Further to our earlier discussion of crowdfunding in Georgia, PayPal recently announced on its blog that it is overhauling its policies with regard to the use of the PayPal gateway by crowdfunders in light of “unique regulatory and risk aspects inherent to this new way to raise money from supporters around the world.”
PayPal’s VP of Risk Management, Tom Barel, does not call out crowdfunding sites by name but seems to want to suggest that fools rush in where angels fear to tread, warning that the crowdfunding model is it is “potentially open to abuse” and that PayPal does not want to have to explain to customers where their money went if someone soliciting funds from the “crowd” does not fulfill its promises, at least while the regulatory waters are still murky,
Barel, while describing crowdfunding as on the one hand “pretty complicated” and inherently risky, at the same time acknowledges that the widespread public ability to invest in startups may be a “powerful catalyst for innovation.” As a risk manager, perhaps his job is to let PayPal have it both ways, though some have seen the announcement as damage control following PayPal’s recent about-face when it froze and then just as quickly released Nyu Media’s funds for the video game Yatagarasu Attack on Cataclysm. Hat Tip to Eric Johnson of AllThingsD.

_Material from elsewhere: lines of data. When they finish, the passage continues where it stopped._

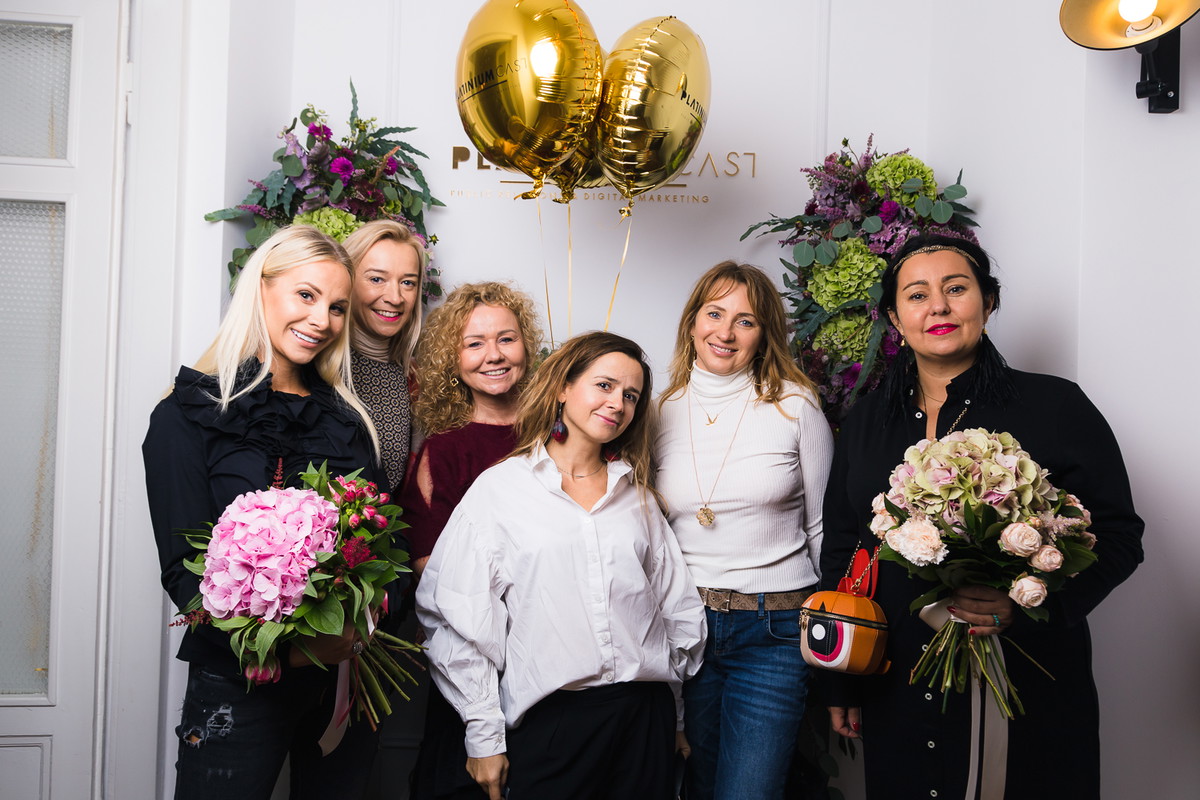 Open Day Showroom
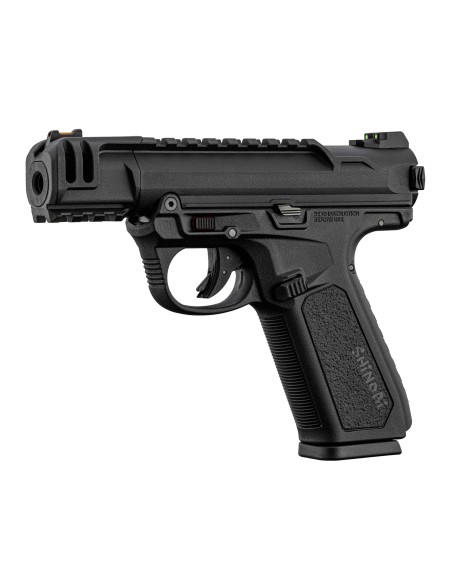 ASSASSIN AAP01C COURT noir ACTION ARMY aap-01C(dispo)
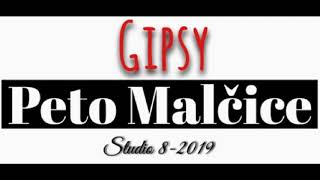 Gipsy Peto Malcice Studio 8  Cely Album [upl. by Sinnylg293]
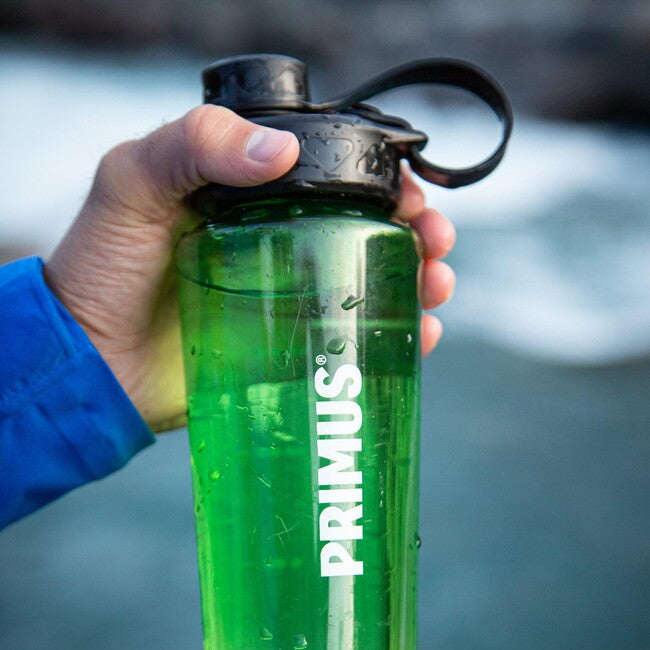 PRIMUS TrailBottle 1 L, tritan® blau
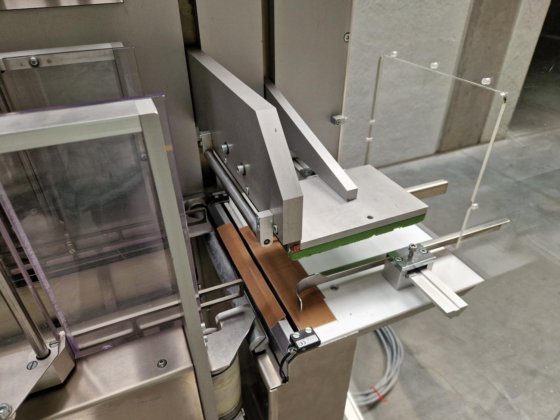 PESTER PEWO-PACK 250 紧凑型通用拉伸弯管机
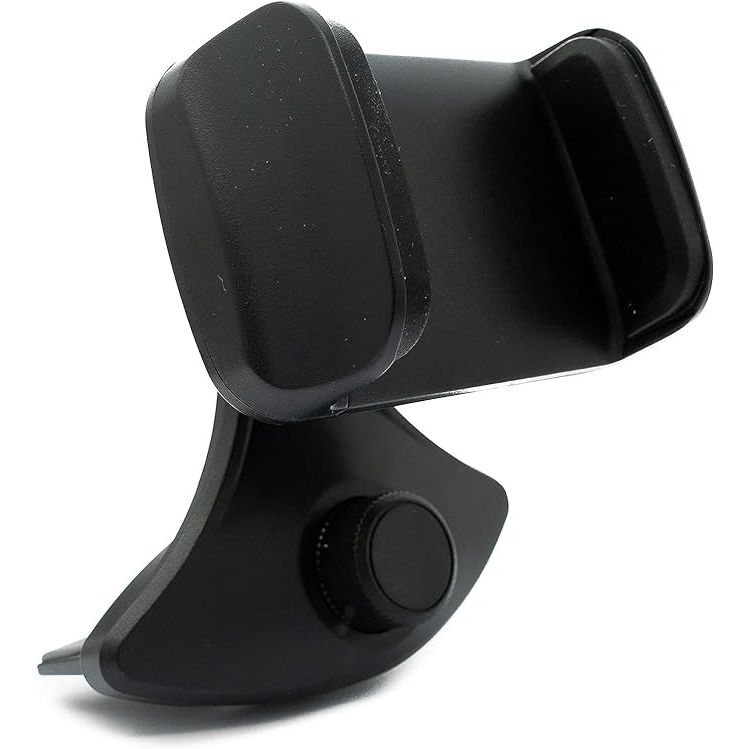 Systemhaus Zakaria Auto Halterung Für CD Und Lüftung Schlitz Mit 360 Grad Drehung Für Smartphone GPS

While crowdfunding by the general public is quite legal in certain other advanced economies (e.g., the UK and Australia), the Securities and Exchange Commission has been slow to permit US businesses to move from currently permitted reward/donation crowdfunding (where “investors” get a t-shirt or the warm fuzzy feeling of having supported a worthy cause, a scientific experiment, or a local band’s new album) to true equity funding (where investors actually own a stake in the startup venture and gain or lose cold hard cash depending on how well the business does).
So what’s the holdup? Equity crowdfunding rules that the SEC was required to finalize by December 31, 2012 have still to go into effect. These rules would permit an exemption to the 1933 Securities Act that is necessary to open the way for public advertisement and sale of certain securities to non-accredited investors (basically those of us who make $200,000 or less per year and have less than $1M in net worth). Such sales, of course, would be subject to certain oversight and restrictions… and there’s the rub.
Nonetheless, SEC Chair Mary Jo White has promised that the rules are on the front burner, and says, “I define the front burner to be sometime into the fall.” Well, fall is less than a week away now, so watch this space… or just listen for the whoosh as the many small-budget angels finally enter the market.